(Beginning of Recorded data)

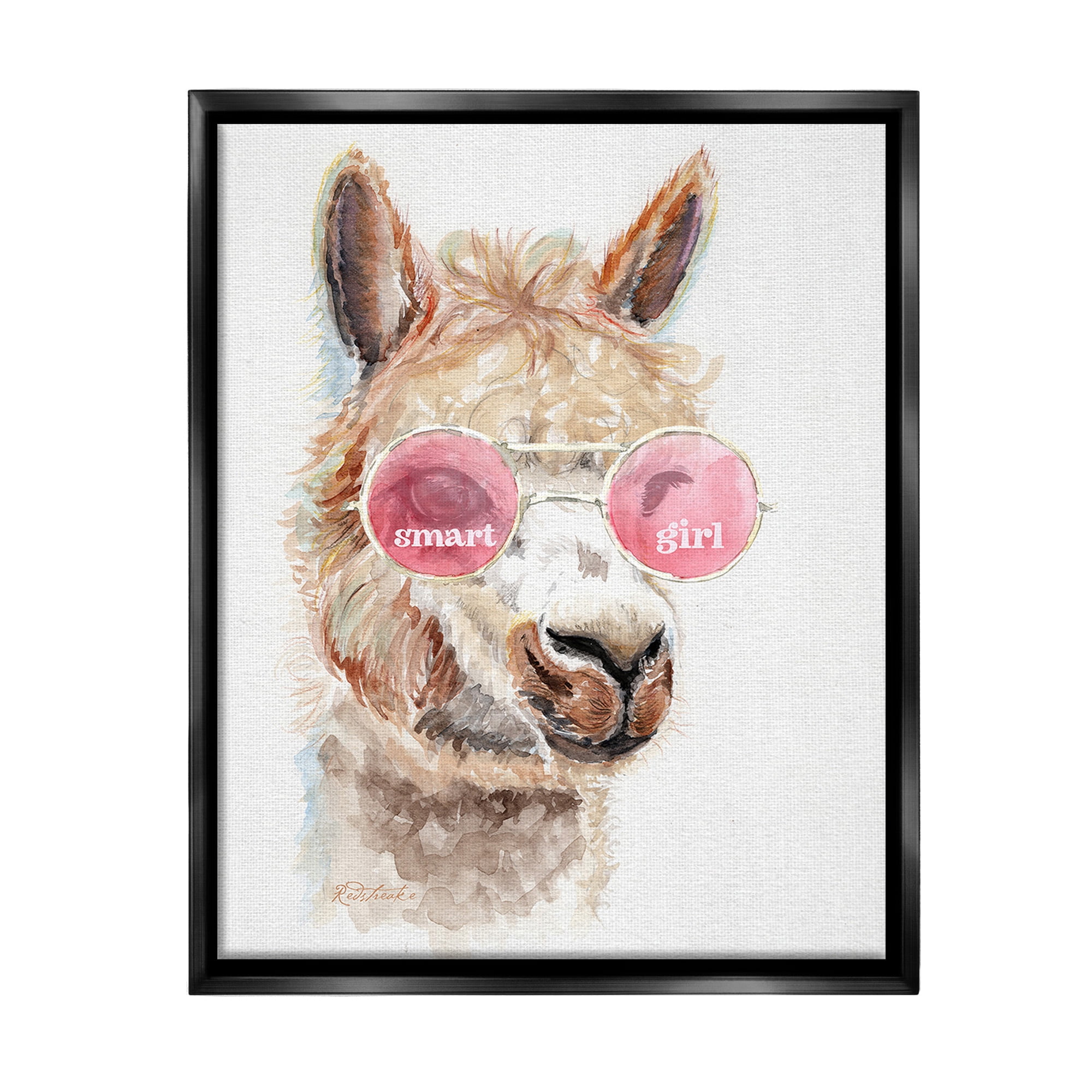 Stupell Industries Smart Girl Llama Animals & Insects Painting Black Floater Framed Canvas Art Print Wall Art, 25 x 31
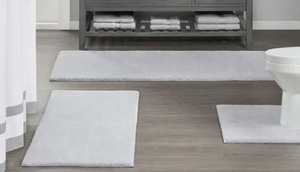 lot 143 image: Grey 20 x30 Home Essence Marshmallow Tufted Microfiber Solid Bath Rug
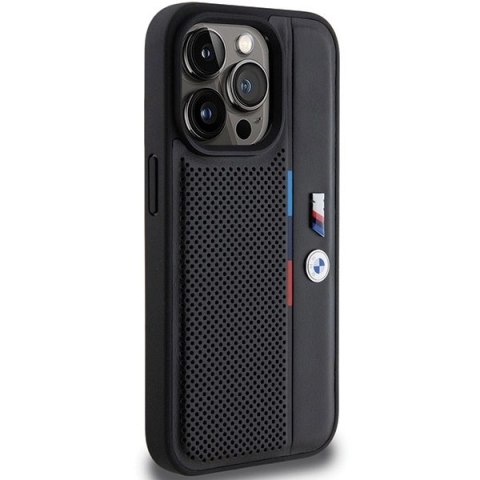 Etui BMW Perforated Tricolor Line na iPhone 15 Pro Max - czarne Etui BMW Perforated Tricolor Line na iPhone 15 Pro Max - czarne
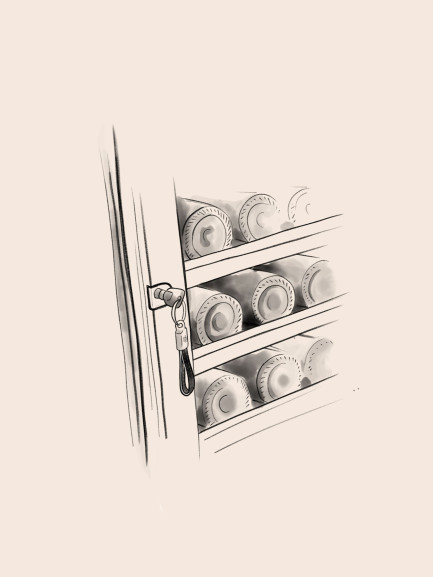 Bleistiftillustration eines elektrischen Weinkellers eurocave Bleistiftillustration eines elektrischen Weinkellers eurocave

(End of Recorded data)

> Task objective: Respond with the exact lines above running from the one containing "lot 143 image: Grey" to the one containing "- czarne Etui", both ends kept and no pictures included.

> Answer section:
 lot 143 image: Grey 20 x30 Home Essence Marshmallow Tufted Microfiber Solid Bath Rug
 Etui BMW Perforated Tricolor Line na iPhone 15 Pro Max - czarne Etui BMW Perforated Tricolor Line na iPhone 15 Pro Max - czarne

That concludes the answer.